An Energy-Efficient, High-Frame-Rate, and Reconfigurable EKF-SLAM Processor With Full Acceleration for Autonomous Mobile Robots
Bingqiang Liu, Jipeng Wang, Yequan Zhao, Minjie Bao, Zhendong Fan, Dingcheng Jiang, Zaisheng He, Dengke Xu, Ke Wang, Chao Wang, Lining Sun
- Year
- 2025
- Citations
- 1
Abstract
In many intelligent edge applications involving Autonomous Mobile Robots (AMRs), efficient and real-time localization and mapping is a fundamental issue. Extended Kalman Filter Simultaneous Localization and Mapping (EKFSLAM) algorithm is a classic and successful solution to realize localization and mapping, while it is computationally intensive and poses a challenge for real-time tasks in small and micro robots.

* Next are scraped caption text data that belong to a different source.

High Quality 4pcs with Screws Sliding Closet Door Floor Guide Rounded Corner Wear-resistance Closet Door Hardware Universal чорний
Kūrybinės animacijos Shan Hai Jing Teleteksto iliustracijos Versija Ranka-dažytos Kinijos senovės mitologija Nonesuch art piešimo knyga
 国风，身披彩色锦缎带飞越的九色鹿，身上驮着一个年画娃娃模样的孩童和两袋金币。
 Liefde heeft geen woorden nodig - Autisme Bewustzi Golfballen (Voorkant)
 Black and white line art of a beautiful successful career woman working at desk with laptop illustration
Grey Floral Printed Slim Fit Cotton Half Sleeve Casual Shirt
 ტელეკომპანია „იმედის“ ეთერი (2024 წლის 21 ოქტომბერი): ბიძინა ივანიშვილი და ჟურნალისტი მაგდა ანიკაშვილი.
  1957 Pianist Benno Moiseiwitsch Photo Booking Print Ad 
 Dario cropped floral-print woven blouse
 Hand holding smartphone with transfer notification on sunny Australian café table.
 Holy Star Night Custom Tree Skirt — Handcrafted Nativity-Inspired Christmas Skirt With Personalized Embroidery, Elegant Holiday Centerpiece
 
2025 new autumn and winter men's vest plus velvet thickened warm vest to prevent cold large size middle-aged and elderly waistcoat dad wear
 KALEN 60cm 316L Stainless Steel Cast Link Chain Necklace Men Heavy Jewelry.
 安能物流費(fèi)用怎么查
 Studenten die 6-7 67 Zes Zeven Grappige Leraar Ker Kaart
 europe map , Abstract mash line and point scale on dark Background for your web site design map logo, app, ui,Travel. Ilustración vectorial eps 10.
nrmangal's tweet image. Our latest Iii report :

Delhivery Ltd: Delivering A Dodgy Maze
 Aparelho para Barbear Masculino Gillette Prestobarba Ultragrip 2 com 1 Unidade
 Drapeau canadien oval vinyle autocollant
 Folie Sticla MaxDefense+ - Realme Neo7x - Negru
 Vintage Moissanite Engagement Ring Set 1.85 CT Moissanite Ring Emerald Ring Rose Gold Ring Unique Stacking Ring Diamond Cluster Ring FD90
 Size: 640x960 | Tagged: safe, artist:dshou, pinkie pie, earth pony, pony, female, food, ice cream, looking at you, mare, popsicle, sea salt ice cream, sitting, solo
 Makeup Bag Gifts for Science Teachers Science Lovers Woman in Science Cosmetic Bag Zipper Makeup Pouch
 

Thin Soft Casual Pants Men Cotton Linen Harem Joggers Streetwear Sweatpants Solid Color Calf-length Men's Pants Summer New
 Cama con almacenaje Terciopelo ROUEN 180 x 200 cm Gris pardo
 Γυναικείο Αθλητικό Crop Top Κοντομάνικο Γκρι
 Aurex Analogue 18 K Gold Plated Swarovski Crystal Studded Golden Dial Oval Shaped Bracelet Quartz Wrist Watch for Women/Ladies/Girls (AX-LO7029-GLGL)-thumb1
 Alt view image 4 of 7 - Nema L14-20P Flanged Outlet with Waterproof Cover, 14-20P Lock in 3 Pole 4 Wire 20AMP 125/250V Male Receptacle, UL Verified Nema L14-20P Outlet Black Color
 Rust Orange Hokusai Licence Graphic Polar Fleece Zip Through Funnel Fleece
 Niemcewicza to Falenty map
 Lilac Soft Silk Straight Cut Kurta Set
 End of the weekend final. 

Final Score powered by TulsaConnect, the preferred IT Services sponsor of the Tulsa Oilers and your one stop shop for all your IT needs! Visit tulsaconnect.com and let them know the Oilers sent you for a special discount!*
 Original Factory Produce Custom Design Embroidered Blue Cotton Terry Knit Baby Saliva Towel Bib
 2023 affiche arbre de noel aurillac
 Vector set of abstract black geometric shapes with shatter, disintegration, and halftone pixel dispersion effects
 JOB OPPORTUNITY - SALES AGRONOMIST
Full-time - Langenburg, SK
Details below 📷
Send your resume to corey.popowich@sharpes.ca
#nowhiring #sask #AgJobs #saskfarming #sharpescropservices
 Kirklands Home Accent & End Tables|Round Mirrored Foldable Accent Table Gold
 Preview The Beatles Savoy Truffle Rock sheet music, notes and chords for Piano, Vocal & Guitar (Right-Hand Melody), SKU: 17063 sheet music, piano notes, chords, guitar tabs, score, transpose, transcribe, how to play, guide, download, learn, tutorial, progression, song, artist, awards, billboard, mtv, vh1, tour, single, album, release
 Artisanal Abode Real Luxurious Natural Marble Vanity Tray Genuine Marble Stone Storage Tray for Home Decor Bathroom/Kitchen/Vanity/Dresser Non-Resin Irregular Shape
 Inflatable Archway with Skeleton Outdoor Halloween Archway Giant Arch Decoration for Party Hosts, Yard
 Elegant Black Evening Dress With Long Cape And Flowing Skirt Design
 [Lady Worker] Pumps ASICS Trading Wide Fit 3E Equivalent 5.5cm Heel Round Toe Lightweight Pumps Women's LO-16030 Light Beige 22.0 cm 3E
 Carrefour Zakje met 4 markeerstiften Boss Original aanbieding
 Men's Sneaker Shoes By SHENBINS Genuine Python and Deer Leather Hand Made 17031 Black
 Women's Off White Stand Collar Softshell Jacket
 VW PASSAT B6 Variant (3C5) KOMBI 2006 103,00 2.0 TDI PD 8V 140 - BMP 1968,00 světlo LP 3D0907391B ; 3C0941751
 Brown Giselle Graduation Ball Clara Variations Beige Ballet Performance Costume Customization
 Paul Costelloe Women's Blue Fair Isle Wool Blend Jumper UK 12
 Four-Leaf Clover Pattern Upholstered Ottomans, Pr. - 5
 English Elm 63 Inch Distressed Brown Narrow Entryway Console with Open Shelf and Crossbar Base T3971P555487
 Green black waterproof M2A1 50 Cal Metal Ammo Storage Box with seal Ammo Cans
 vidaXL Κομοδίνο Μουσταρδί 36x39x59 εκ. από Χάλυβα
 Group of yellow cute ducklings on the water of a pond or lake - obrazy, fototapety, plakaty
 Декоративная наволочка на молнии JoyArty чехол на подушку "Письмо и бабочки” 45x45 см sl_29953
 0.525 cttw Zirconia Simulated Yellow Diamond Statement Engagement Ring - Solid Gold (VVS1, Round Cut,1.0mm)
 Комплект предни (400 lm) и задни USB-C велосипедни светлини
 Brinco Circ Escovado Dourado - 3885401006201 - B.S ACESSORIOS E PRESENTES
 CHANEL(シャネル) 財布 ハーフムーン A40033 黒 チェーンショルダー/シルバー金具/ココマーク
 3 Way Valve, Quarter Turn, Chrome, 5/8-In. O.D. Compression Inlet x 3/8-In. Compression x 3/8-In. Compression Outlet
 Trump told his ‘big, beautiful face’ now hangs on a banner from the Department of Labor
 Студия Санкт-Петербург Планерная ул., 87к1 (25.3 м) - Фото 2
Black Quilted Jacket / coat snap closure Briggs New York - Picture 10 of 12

To address this issue, this work proposes an energy-efficient, highframe-rate, and reconfigurable EKF-SLAM processor. Firstly, a heterogeneous dual-core architecture is proposed to enable full acceleration of both matrix operations and nonlinear calculations in EKF-SLAM at the hardware architecture level. Secondly, a Reconfigurable Matrix Accelerator (RMA) and Reconfigurable Nonlinear Accelerator (RNA) are proposed to maximize data reuse and support diverse nonlinear functions at the data flow level. Thirdly, a data property-aware strategy is proposed at the data property level, which exploits matrix symmetry, sparsity, and dependency to reduce storage significantly and eliminate redundant computations. FPGA validation results show that the proposed design can achieve a frame rate of 774 fps and an energy efficiency of 0.66 mJ/frame, when performing mapping processes involving 60 landmarks at 100 MHz.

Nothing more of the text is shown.